Simple 3D scenes

You will be creating 2D images from 3D scenes. In order to create the image, the scene must be viewed from some location. So, there are three major components in 3D graphics: a 3D model, a virtual camera position, and the output 2D image.


Large 3D scenes often have thousands of models and many cameras and must be managed in complex hierarchies. We will start with simple scenes using only vertices and triangles. While any kind of shape can be rendered to a 2D image, triangles in that they are the simplest bounded 3D object. Many shapes can be approximated with a large number of triangles.

Triangles are the bounded region contained within three vertices. These are often 3D vertices, but could be 2D for 2D scenes. Often, vertices are stored in a large array, with each vertex having a unique ID. Triangles can then be formed by referring to these IDs.

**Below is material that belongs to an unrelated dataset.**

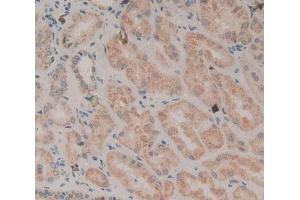 Used in DAB staining on fromalin fixed paraffin- embedded kidney tissue (WNT2 抗体  (AA 26-360))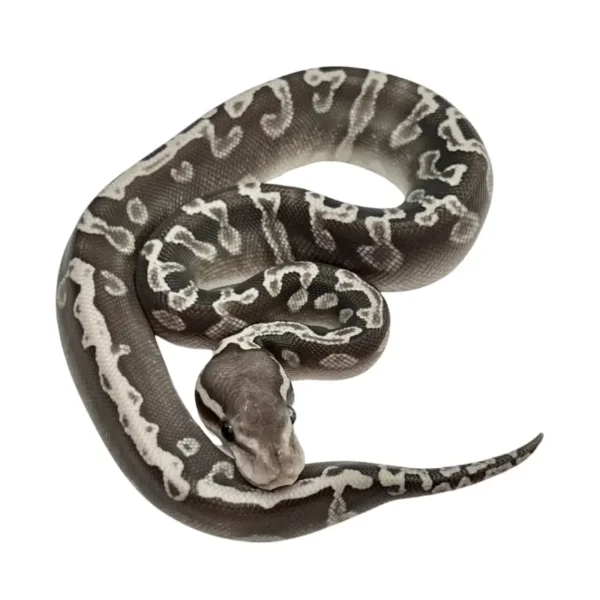 Super GHI Lesser 100% Het Clown ball python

For example, a 2D square with area of 4 and centered at the origin could be built from two triangles and four vertices. Each vertex has a unique ID:

vertex ID value
0 -1, -1
1 1, -1
2 1, 1
2 -1, 1

The two triangles could then be built from these vertices:

triangle ID value
0 0, 1, 2
1 0, 2, 3


Most cameras are very complicated internally, requiring many lenses and complex focusing algorithms to function correctly. These lenses are difficult to simulate, so we will use a simpler model: the pinhole camera.

Pinhole cameras are closed boxes with film on one side and a small hole on the opposite side. Light enters through the hole and projects on the film. The field of view is the solid angle of the scene that is visible to the camera. In a pinhole camera the FOV is constrained by the size of the film surface and the distance between the film and pinhole.

Rendering pipeline

The camera projects the scene on to a recording surface. In graphics, this recording surface is the output 2D image. In order to create the 2D image, the 3D scene needs to be projected to 2D. This process involves several projection transforms: one to the camera view, one to account for perspective, another to prepare for 2D projection, and the final 2D projection.

We'll look at the transforms in the future. The goal of all of this is to produce a 2D output image.